▶ **Work required**
Scan the entries and tally the lines that include the string "White". Reply with the figure alone.

Top of Provided data

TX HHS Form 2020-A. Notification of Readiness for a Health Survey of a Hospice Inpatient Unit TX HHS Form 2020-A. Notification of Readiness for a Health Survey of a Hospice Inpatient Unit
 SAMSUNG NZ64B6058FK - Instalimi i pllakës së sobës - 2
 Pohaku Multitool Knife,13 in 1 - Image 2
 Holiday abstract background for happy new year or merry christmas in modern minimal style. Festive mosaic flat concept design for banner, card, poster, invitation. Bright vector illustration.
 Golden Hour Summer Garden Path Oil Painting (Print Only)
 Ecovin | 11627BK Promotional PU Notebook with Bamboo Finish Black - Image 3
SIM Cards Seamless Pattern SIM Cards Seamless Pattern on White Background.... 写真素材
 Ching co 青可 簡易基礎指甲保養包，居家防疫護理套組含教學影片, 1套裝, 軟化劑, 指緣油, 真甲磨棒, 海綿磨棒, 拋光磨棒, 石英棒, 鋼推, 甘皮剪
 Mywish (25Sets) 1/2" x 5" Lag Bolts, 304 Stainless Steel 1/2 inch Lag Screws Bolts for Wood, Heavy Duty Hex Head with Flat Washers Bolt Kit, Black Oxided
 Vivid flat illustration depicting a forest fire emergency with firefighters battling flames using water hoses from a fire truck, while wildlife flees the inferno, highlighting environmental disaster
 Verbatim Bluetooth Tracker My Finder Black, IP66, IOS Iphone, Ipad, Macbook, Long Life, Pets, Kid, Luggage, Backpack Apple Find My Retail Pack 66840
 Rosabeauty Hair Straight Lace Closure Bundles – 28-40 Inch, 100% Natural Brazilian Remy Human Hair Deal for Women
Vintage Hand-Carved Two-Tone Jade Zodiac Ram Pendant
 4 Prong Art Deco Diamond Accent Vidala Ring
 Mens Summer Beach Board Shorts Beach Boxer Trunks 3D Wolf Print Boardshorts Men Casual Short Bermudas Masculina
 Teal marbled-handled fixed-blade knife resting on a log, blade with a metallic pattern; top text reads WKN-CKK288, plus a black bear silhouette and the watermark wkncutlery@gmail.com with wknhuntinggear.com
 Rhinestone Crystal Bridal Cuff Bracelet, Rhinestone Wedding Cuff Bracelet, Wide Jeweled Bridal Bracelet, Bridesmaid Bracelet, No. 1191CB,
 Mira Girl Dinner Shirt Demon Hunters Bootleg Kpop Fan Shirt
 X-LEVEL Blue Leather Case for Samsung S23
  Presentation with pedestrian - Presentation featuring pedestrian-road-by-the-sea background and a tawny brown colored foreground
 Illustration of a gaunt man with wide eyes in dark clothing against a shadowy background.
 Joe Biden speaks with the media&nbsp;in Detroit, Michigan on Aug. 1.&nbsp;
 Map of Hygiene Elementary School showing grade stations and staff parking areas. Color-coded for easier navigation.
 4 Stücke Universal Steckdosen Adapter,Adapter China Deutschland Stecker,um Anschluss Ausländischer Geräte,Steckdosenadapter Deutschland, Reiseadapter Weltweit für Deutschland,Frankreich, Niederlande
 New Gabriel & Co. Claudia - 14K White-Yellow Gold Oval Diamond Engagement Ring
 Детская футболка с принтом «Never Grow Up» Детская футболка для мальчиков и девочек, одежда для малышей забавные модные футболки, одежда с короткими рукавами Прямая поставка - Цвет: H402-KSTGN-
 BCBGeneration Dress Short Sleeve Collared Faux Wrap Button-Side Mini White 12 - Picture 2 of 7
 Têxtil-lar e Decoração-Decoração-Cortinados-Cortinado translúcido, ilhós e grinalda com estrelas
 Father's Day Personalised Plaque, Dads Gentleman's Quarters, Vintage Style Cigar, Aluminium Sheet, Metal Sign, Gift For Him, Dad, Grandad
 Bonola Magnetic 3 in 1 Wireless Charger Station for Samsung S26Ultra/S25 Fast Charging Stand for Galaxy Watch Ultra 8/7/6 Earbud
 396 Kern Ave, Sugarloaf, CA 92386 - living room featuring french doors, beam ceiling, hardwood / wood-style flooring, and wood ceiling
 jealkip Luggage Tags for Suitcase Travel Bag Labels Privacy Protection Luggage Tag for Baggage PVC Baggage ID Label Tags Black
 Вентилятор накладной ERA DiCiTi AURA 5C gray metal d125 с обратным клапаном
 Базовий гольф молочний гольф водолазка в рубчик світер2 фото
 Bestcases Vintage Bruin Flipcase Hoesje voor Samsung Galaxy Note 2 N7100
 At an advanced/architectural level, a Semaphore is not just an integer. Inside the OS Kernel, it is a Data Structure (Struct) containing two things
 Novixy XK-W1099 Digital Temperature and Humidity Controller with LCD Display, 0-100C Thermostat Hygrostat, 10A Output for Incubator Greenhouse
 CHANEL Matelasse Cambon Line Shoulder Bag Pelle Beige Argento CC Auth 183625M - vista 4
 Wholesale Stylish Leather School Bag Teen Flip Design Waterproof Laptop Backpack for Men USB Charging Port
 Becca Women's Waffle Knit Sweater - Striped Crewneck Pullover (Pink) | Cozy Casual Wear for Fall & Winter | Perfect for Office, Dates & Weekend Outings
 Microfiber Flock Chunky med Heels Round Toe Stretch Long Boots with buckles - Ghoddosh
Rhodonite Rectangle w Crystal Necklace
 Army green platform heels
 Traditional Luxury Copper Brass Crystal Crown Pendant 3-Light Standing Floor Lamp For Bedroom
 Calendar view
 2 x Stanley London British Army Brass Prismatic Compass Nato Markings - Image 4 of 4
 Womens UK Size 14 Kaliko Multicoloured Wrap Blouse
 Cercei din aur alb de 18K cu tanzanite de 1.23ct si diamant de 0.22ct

Bottom of Provided data

▶ **Solution to this task**
3